Haemostasis Flashcards
1
Q
What does blood do?
A
flows within the vascular system, transporting oxygen, nutrients and hormonal information around the body and removing metabolic waste
2
Q
Why is a balance in haemostasis important?
A
- coagulation
- prevent generalised thrombosis
- start the process of fibrinolysis
3
Q
What is coagulation?
A
stimulation of blood clotting processes following injury, in which blood changes from its liquid state
4
Q
What is thrombosis?
A
excessive or generalised blood clotting
5
Q
What is fibrinolysis?
A
the breakdown of the clot as part of the process of healing
6
Q
What does haemostasis result from?
A
- Contraction of blood vessels (vasoconstriction)
- Formation of an unstable platelet plug at the site of the vessel wall damage (primary haemostasis)

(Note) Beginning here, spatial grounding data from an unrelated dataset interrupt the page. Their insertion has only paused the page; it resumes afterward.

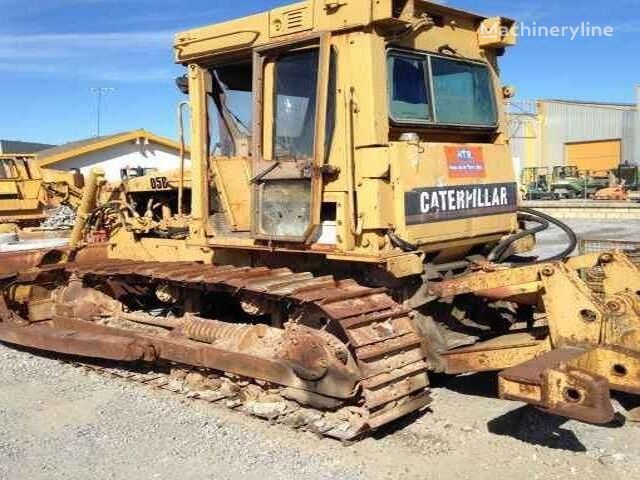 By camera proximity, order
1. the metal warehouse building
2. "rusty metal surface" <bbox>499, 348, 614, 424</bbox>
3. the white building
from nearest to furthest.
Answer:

- Formation of a stable fibrin clot (secondary haemostasis/coagulation)
7
Q
What is vasoconstriction?
A
Contraction of blood vessels
8
Q
What is primary haemostasis?
A
Formation of an unstable platelet plug at the site of the vessel wall damage
9
Q
What is secondary haemostasis/coagulation?
A
Formation of a stable fibrin clot
10
Q
What is the sequence of haemostasis?
A
- vasoconstriction
- primary haemostasis
- secondary haemostasis
- fibrinolysis
11
Q
What are platelets?
A
discoid, non-nucleated, granule-containing cells that are derived from myeloid stem cells
12
Q
Where are platelets formed and what from?
A
bone marrow by the fragmentation of megakaryocyte cytoplasm
13
Q
What is the circulating lifespan of platelets?
A
around 10 days
14
Q
What is important in the platelets interaction?
A
The plasma membrane contains glycoproteins (GPs)
15
Q
What happens after injury to the vessel wall?
A
platelets stick to the damaged endothelium
16
Q
How do platelets stick to the damaged endothelium?
A
either directly to collagen via the platelet GPIa receptor
or indirectly via von Willebrand factor (VWF), which binds to the platelet GPIb receptor
17
Q
What happens after the adhesion of platelets?
A
become activated and change their shape from a disc to a more rounded form with spicules to encourage platelet-platelet interaction
18
Q
What happenes after platelets are activated?
A
They release of the contents of their storage granules
19
Q
What are the 2 types of granules in platelets?
A
a-granules
dense granules
20
Q
How are the contents of platelet granules released?
A
The platelet membrane is invaginated to form a surface-connected cannalicular system through which they are released
21
Q
What are the components of the granules in platelets?
A
ADP, fibrinogen and von Willebrand factor
22
Q
What do platelets produce when they are stimulated?
A
prostaglandin thromboxane A2 from arachidonic acid that is derived from the cell membrane
23
Q
What is the role of thromboxane A2?
A
Has a role in platelet aggregation
it is a vasoconstrictor and is especially important during tissue injury and inflammation
24
Q
What is thromboxane A2 synthesised from?
A
Arachidonic acid –(ASA + Cyclo-oxygenase)–> Cyclic endoperoxides
in platelets:
Cyclic endoperoxides–(thromboxane synthetase)–> thromboxane A2 —-> plt aggreg.
25
What happens when granular ADP is released and thromboxane A2 is generated?
positive feedback effect
^^
further platelet recruitement and activation
26
How do platelets get activated?
by binding respectively to the P2Y12 and thromboxane A2 receptor
27
What else does platelet activation cause?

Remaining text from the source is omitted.